FHA spokesman, Lemar Wooley, stated the agency is “considering a different way to handle refunds.” He did not mention the future plans but assured more information would be addressed in future letters to lenders.
Currently, under today’s program, you may qualify for a refund close to 60% of the insurance premiums you spent for mortgage insurance. Plus get a less expensive loan with a lower interest rate. But for those who jump ship too early and refinance to a loan by a private lender will squash their chance of getting money back – even for the sake of switching to a less expensive FHA loan will not be entitled to a refund.
There is another possibility, according to sources, that their changes could help refinancers instead of punishing them.

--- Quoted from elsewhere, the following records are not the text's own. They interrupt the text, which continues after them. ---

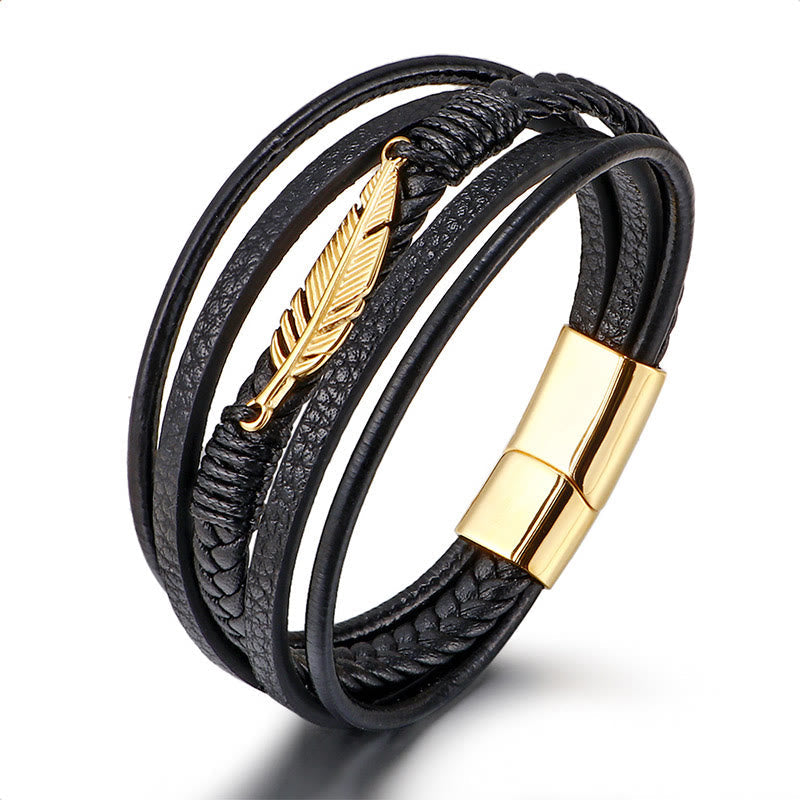 Feather Pattern Titanium Steel Spiritual Bracelet 21.5cm Calm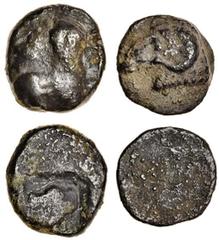 Ancient Cyprus, Salamis (5th cent. BC), AR Diobol, 1.85g, ram lying left, rev. square incuse punch with uncertain type within (?) (cf. BMC pl. XXIII, 12), slightly off centre, deposit, fine, and an Ob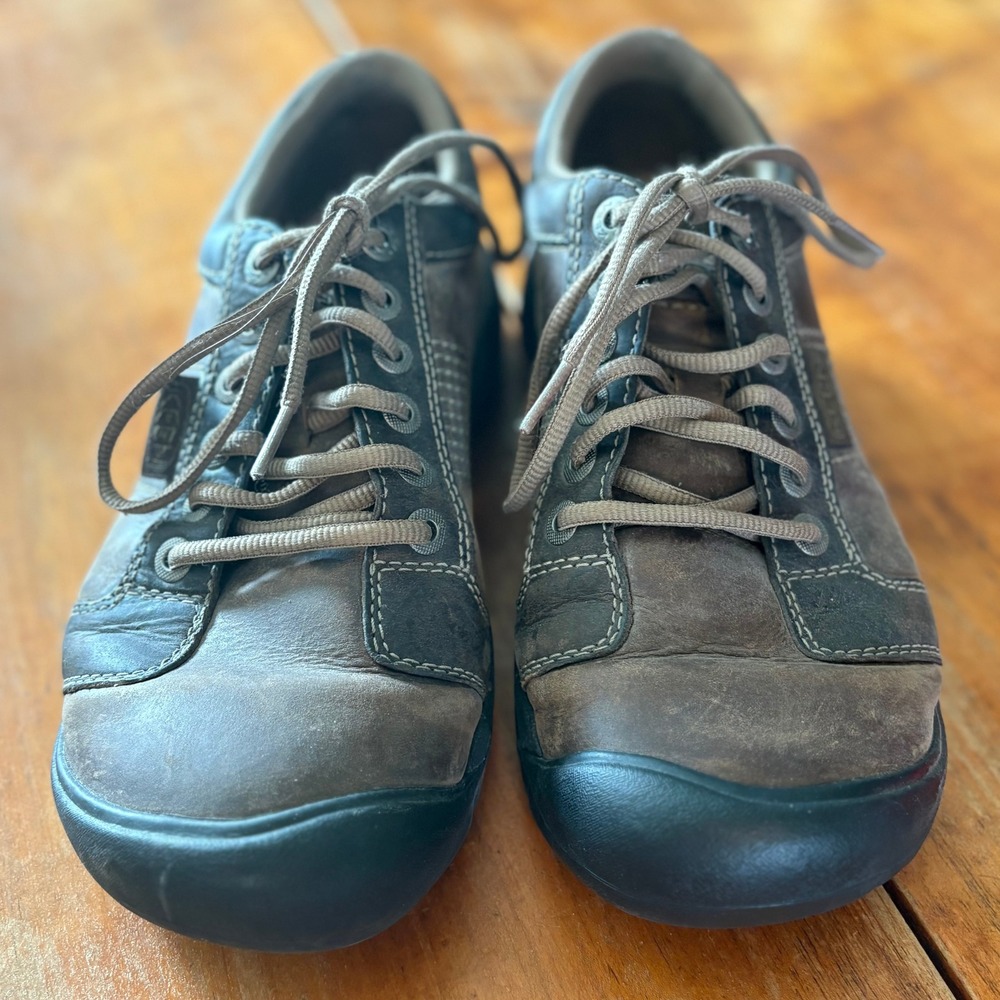 Keen Presidio Mens 8 Walking Shoes Brown Leather Lace Up Comfort 1007722 - Picture 2 of 10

The FHA may opt to apply the balance of what it owes borrowers to principles on their new loans. Another possibility is that the refund would be credited towards the cost of another loan, rather than a check being sent via mail. According to the FHA, the typical refund averages at $1,100. While not a staggering sum, the alleged changes would mean borrowers no longer having to wait for the government to write the check, which can take more than thirty days to process.
The hope is, of course, that what changes the agency makes will be more borrower-friendly. Given its track record since 2000, when the first cut to the refund time period occurred, and in 2004, when Congress further cut the refund period and ordered the FHA to end refunds except when borrowers refinance to another FHA-insured mortgage, what hope remains stands on uncertain ground.